Almanya örneği verildi, 'arındırma politikası' dendi
Savunmanın devamında Sovyetler Birliği’nin dağılmasından ve Almanya’nın birleşmesinden sonra da böyle şeyler yapıldığı iddia edildi ve bunun “devletlerin arındırma politikası” olduğu savunuldu. Şu ifadeler kullanıldı:
“Nitekim gerek Sovyetler Birliği’nin dağılmasından sonra Doğu Avrupa ülkelerinde gerekse birleşme sürecinde Almanya’da demokratikleşme sürecini başarıyla tamamlamak temel haklara saygılı bir ülke olmak ve olası tehditleri ortadan kaldırabilmek amacıyla arındırma politikaları uygulanmıştır. Arındırma politikalarındaki temel amaç, sadakat yükümlülüğüne aykırı davranan kamu görevlilerinin tasfiye edilerek demokratik hukuk devletine yönelik olası tehdidin bertaraf edilmesidir.”
"Benle ilgili savunmada uzun uzun FETÖ/PDY anlatılması beni rahatsız etti”
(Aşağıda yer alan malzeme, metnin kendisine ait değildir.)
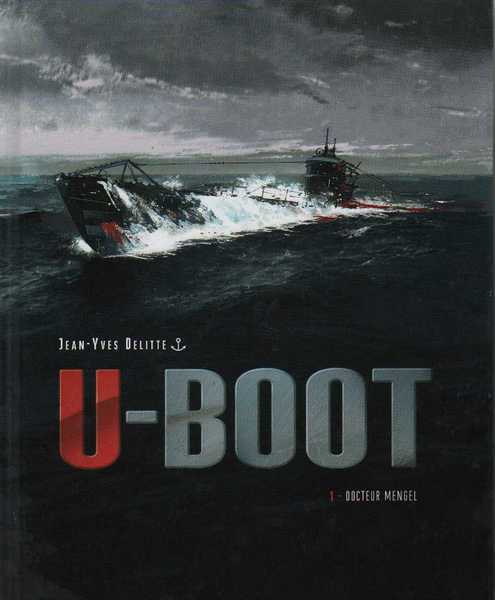 Delitte Jean-yves, U-Boot 1 - Docteur Mengel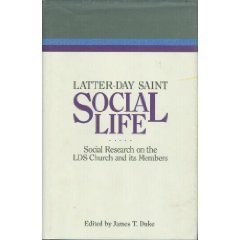 Imagen de archivo de Latter-Day Saint Social Life: Social Research on the Lds Church and Its Members (Religious Studies Center Specialized Monograph Series;, V. 12) a la venta por Ergodebooks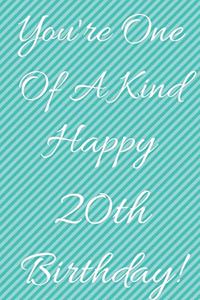 You're One Of A Kind Happy 20th Birthday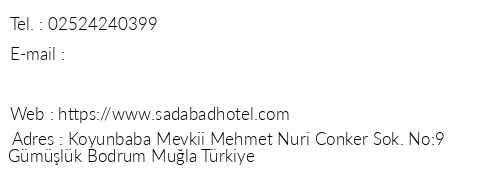 Sadabad Hotel Bodrum telefon numaraları, faks, e-mail, posta adresi ve iletişim bilgileri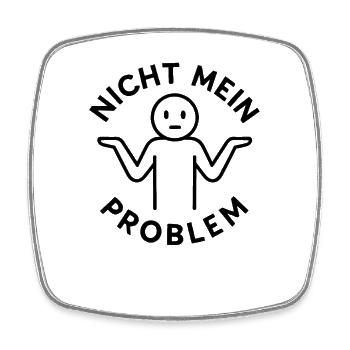 Lustiger Spruch Witzig Nicht Mein Problem Geschenk - Viereckiger Kühlschrankmagnet - Weiß - Vorne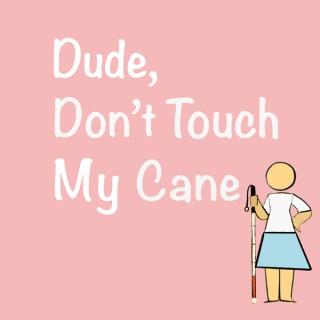 Dude, Don't Touch My Cane Podcast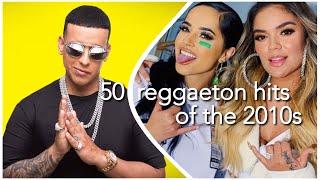 50 REGGAETON HITS OF THE 2010S (+ SPOTIFY PLAYLIST)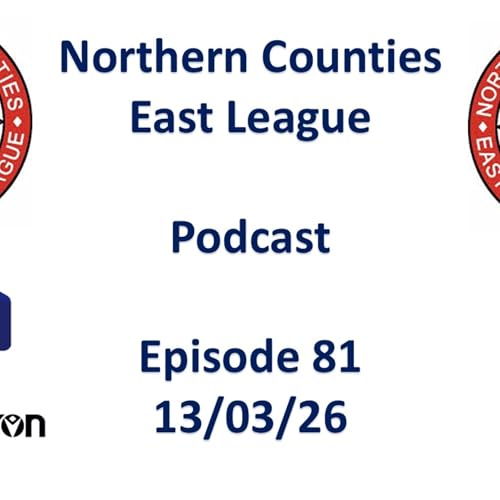 NCEL Podcast - Episode 81 13 March 2026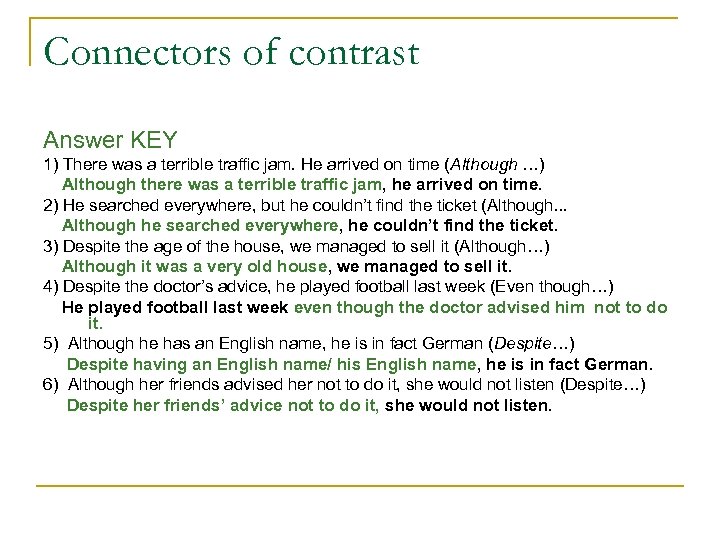 Connectors of contrast Answer KEY 1) There was a terrible traffic jam. He arrived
ÖSYM, özel şirketlere devredilen sağlık hakkının kamu hizmeti olduğunu kabul etti. İdare Mahkemesi ise Erden’in başvurusunu reddetti. Daha sonra davayı Danıştay’a taşıyan Erden oradan da ret yanıtı aldı. Konuyla ilgili konuşan Erden, sosyalist dünya görüşüne sahip olduğunu ve “FETÖ”ye 15 Temmuz öncesinde de karşı olduğunu ifade etti. Bu yapılanmanın devlet kadrolarında örgütlenmesinden her zaman rahatsız olduğunu belirten Erden “Benle ilgili savunmada uzun uzun FETÖ/PDY anlatılması beni rahatsız etti” dedi.
Erden davayı Anayasa Mahkemesi’ne taşıyacağını ifade etti.